11. The method as claimed in claim 1 wherein the contaminants are
recovered in at least one waste drum prior to the contaminants
being destroyed.
12. The method as claimed in claim 1 wherein the contaminants are
recovered and employed as a fuel for an internal combustion
engine.
13. The method as claimed in claim 1 further comprising creating a
slipstream of the gas mixture and mixing the gas mixture with the
gas mixture recovered from the first membrane separation unit and
the gas mixture recovered from the second membrane separation unit,
thereby forming a product gas mixture.
14. The method as claimed in claim 13 wherein the product gas
mixture is collected in a high pressure gas header.
15. The method as claimed in claim 13 wherein the composition of
the product gas mixture is measured by an analyzer selected from
the group consisting of a hydrocarbon dew point analyzer and a
carbon dioxide analyzer.
16. The method as claimed in claim 10 wherein the recovered
contaminants are mixed with the product gas mixture.
17. The method as claimed in claim 16 wherein two or more waste
drums are used to mix the recovered contaminants together.
18. The method as claimed in claim 17 wherein the mixed recovered
contaminants are fed from the two or more waste drums to the
product gas mixture.
19. The method as claimed in claim 1 wherein purifying natural gas
is performed at a frac site.
20. The method as claimed in claim 1 wherein purifying natural gas
is performed at a drilling site.
Description
CROSS REFERENCE TO RELATED APPLICATIONS
[0001] This application claims priority from U.S. provisional
patent application 61/951,668 filed Mar. 12, 2014.

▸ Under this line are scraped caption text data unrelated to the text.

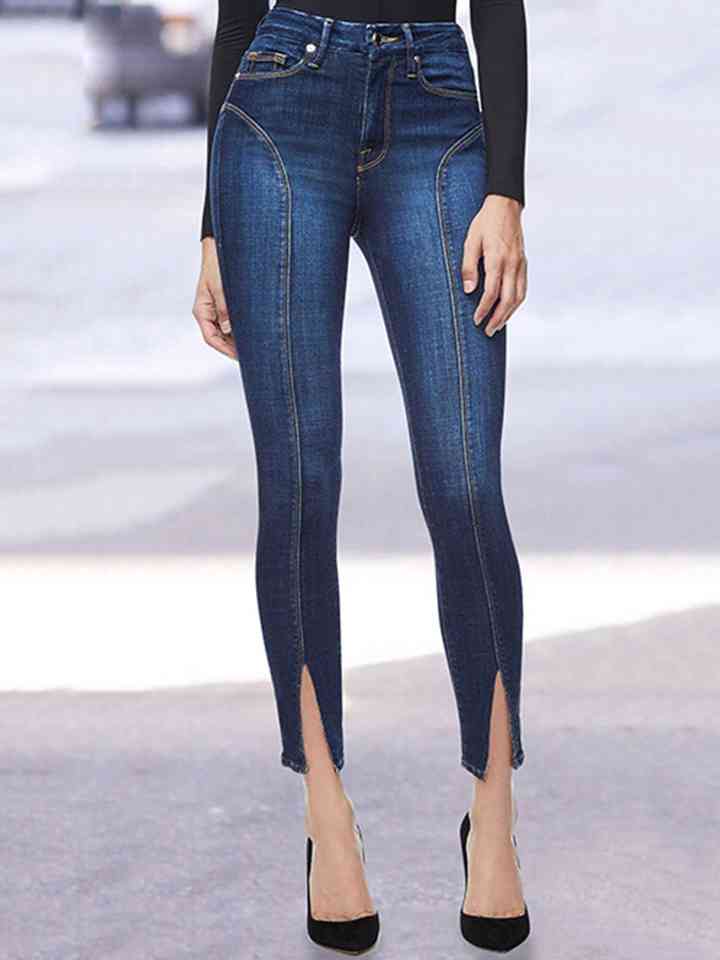 Full Size Buttoned Slit Jeans | 1mrk.com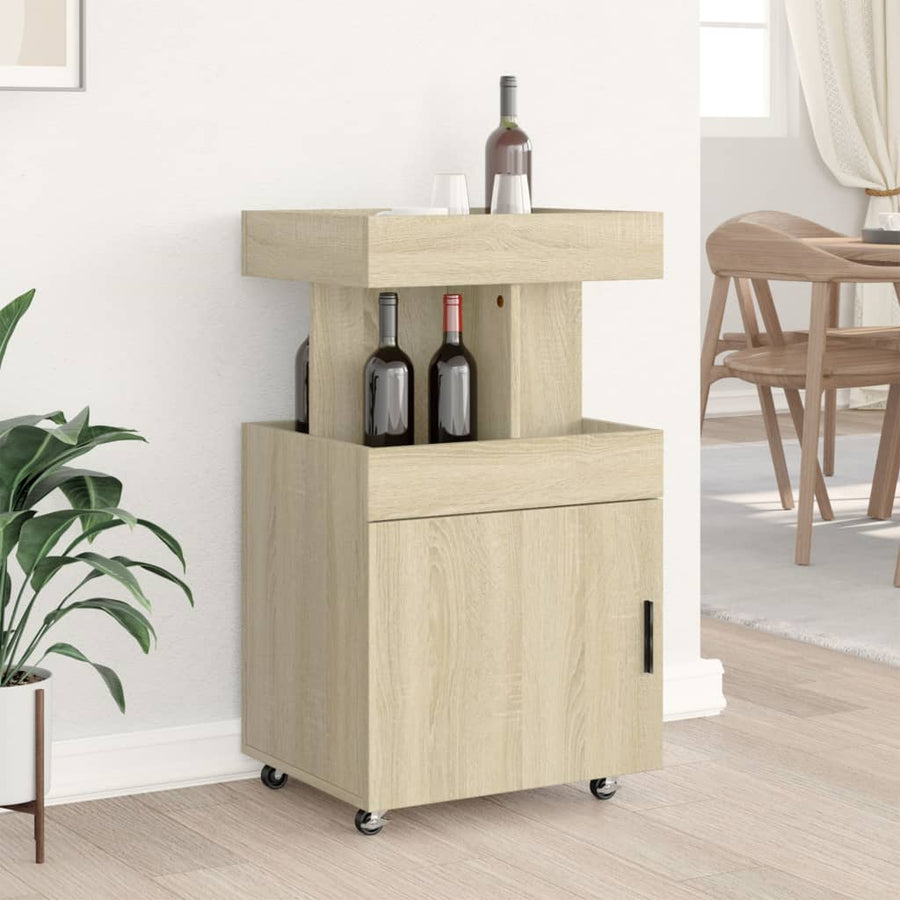 Drankkar 50x41x89 cm bewerkt hout sonoma eikenkleurig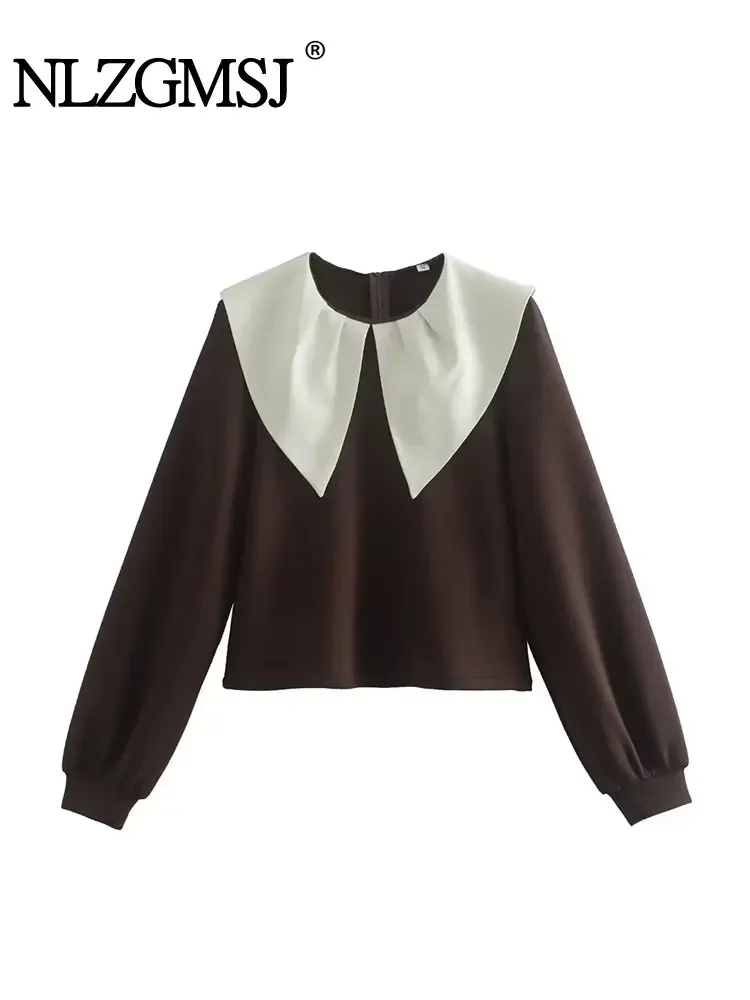 

Nlzgmsj TRAF Spring Doll collar for Women Patchwork Girls Lovely Outwear Fashion Korean Style Elegant Comfortable Chic Top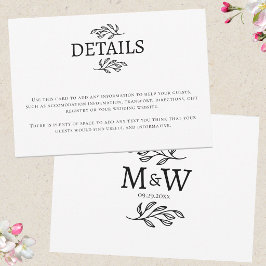 Informationskarte für das Hochzeitscouple-Monogram RSVP Karte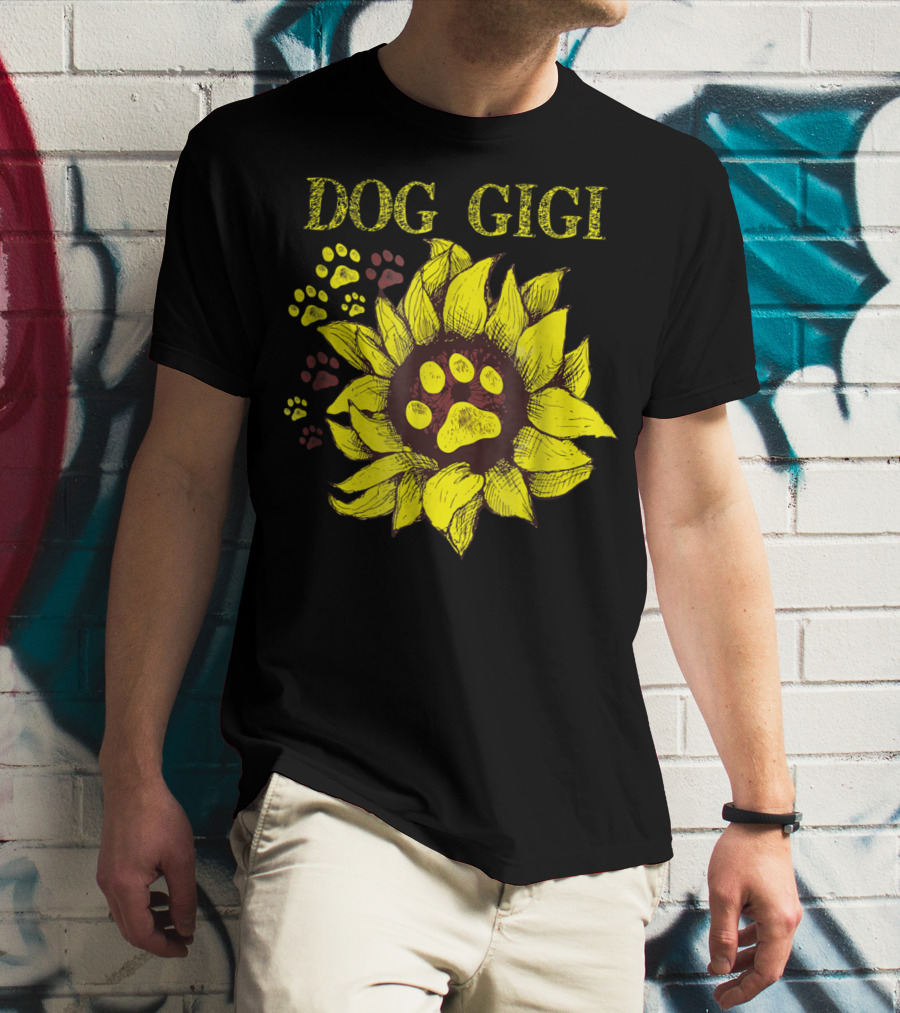 Dog Gigi Sunflower Paw Prints T-Shirt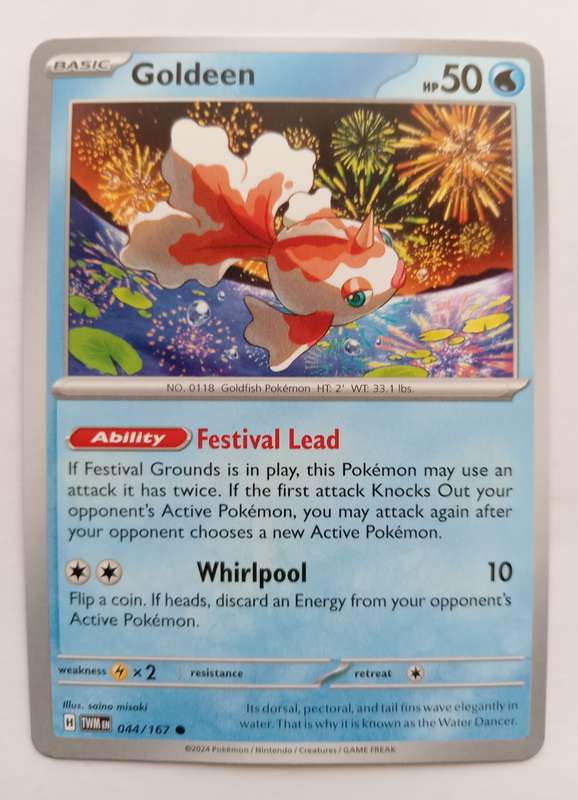 GOLDEEN - POKEMON NINTENDO TWILIGHT MASQUERADE  - COMMON TRADING CARD 44/167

BACKGROUND OF THE INVENTION
[0002] The invention relates to the use of membranes to purify
natural gas. In particular, the present invention relates to the
use of two membrane units for removing hydrocarbons and carbon
dioxide from the natural gas stream recovered from the well head of
a fraccing operation. The carbon dioxide content can be reduced to
below 2 mole percent of the natural gas making the natural gas
pipeline quality. In addition, the water content is reduced to a
level far lower than typical pipeline specification of <7 pounds
of water vapor per mullion cubic feet.
[0003] Natural gas is known to be extracted from underground
reservoirs. The natural gas will often contain nitrogen and oxygen
and other hydrocarbon gases that are considered impurities. These
unwanted gases could be naturally occurring or the result of a
process like nitrogen injection into the reservoir as part of an
enhanced oil recovery.
[0004] Earlier processes have attempted the removal of these
contaminant gases from natural gas. For example, a pressure swing
adsorption (PSA) process separates hydrogen from natural gas by two
separate PSA stages, the first stage for nitrogen and the second
stage for hydrogen. Alternatively a PSA process is employed which
utilizes two separate PSA stages. The first stage removes
hydrocarbons from the natural gas and the second stage removes
nitrogen. In a different approach, methane is recovered from crude
natural gas and solid waste landfill exhaust gas by a sequential
operation of a PSA step to remove volatile organic compounds. This
stream is fed to a membrane system whereby carbon dioxide is
removed from the natural gas stream.
[0005] The present invention utilizes two gas membrane units in
conjunction for removing hydrocarbons and carbon dioxide from a
natural gas feed stream. Typically this natural gas feed stream is
from a well head that has been subjected to a fraccing
operation.
SUMMARY OF THE INVENTION
[0006] In one embodiment of the invention, there is disclosed a
method for purifying natural gas from a gas mixture containing
natural gas and contaminants comprising feeding the gas mixture to
a first membrane separation unit and then feeding the gas mixture
to a second membrane separation unit.
[0007] Typically the contaminants will comprise carbon dioxide and
hydrocarbons. The hydrocarbons can include ethane, butane and
propane. Other contaminants such as hydrogen sulfide may also be
present.
[0008] The natural gas that may be purified may be from any typical
natural gas source such as from an underground reservoir or through
a wellhead.
[0009] An optional additional step in the method is to remove
liquid from the gas mixture by a coalescing filter prior to feeding
the gas mixture to the first membrane separation unit. Typically
this liquid is water.
[0010] The hydrocarbons are removed from the gas mixture by the
first membrane separation unit and the carbon dioxide is removed
from the gas mixture by the second membrane separation unit.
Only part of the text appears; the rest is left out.